(Montréal) Les Québécois ont été plus nombreux que l’année dernière à remplir leur déclaration de revenus en date du 31 mars, mais le délai supplémentaire accordé l’an dernier en raison de la pandémie pourrait y être pour quelque chose.

La Presse Canadienne

Mercredi dernier, Revenu Québec avait reçu 2 148 000 déclarations de revenus, par rapport à 1 967 000 à pareille date l’an dernier.

« Il est difficile de comparer les deux années, puisqu’on s’en souvient l’an dernier, on était au plus fort de la crise sanitaire, il y avait eu des reports de date limite qui avaient été annoncés, donc évidemment, il y avait beaucoup de Québécois qui avaient attendu un petit peu avant de transmettre leur déclaration de revenus », a précisé le porte-parole de Revenu Québec, Martin Croteau.

« Cette année, on revient un petit peu à la normale. »

En 2019, avant la pandémie, 2 205 000 déclarations avaient été remplies en date du 31 mars.

M. Croteau souligne que les chiffres de cette année ressemblent beaucoup à ceux d’une « année non-covidienne » ; les déclarations sont envoyées à un rythme plus normal.

Comme les années précédentes, la voie électronique est beaucoup plus utilisée par les Québécois : 91 % d’entre eux ont choisi ce moyen.

C’est une bonne idée, selon M. Croteau, car le traitement des déclarations par l'internet est jusqu’à deux fois plus rapide, ce qui est avantageux pour les quelque six Québécois sur 10 qui ont droit à un remboursement.

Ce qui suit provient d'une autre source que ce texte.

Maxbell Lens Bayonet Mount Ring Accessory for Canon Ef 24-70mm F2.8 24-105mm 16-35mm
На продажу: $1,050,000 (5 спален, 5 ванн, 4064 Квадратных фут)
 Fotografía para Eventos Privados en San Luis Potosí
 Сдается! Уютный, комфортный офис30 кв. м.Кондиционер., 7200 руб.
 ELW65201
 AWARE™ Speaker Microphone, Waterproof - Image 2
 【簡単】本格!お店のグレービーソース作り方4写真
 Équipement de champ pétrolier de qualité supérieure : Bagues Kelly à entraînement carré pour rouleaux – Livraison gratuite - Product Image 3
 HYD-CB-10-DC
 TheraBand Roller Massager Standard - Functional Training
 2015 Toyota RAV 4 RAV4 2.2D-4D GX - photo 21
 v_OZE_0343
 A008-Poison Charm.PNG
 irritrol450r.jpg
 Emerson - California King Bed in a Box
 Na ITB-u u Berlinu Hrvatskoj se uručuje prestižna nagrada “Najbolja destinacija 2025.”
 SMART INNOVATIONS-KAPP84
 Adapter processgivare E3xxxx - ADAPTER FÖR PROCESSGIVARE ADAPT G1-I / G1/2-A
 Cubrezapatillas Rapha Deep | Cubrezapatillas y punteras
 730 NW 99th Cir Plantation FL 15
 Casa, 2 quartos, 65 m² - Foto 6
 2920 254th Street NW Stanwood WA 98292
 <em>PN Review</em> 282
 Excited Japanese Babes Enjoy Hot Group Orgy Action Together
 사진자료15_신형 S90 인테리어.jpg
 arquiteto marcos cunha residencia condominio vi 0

À l’Agence du revenu du Canada (ARC), en date du 29 mars, 9 099 028 déclarations de Canadiens avaient été transmises, dont plus de 93 % par voie électronique.

Mesures pour la pandémie

Cette année, Revenu Québec entend faire preuve encore une fois de « souplesse » pour aider les Québécois qui subissent toujours les impacts de la pandémie.

Par exemple, il sera possible de signer des documents de manière électronique pour les citoyens qui travaillent avec des préparateurs d’impôts.

Des gens qui auraient bénéficié de programmes d’aide liés à la pandémie, dont la Prestation canadienne d’urgence (PCU), et qui gagneraient moins de 75 000 $ par année pourront aussi profiter d’un congé d’intérêts auprès de Revenu Québec.

« On les invite à prendre contact avec notre service à la clientèle si jamais ils ont un solde d’impôts qu’ils sont incapables de payer, il est alors possible de prendre une entente de paiement et de ne pas payer d’intérêts », a indiqué le porte-parole.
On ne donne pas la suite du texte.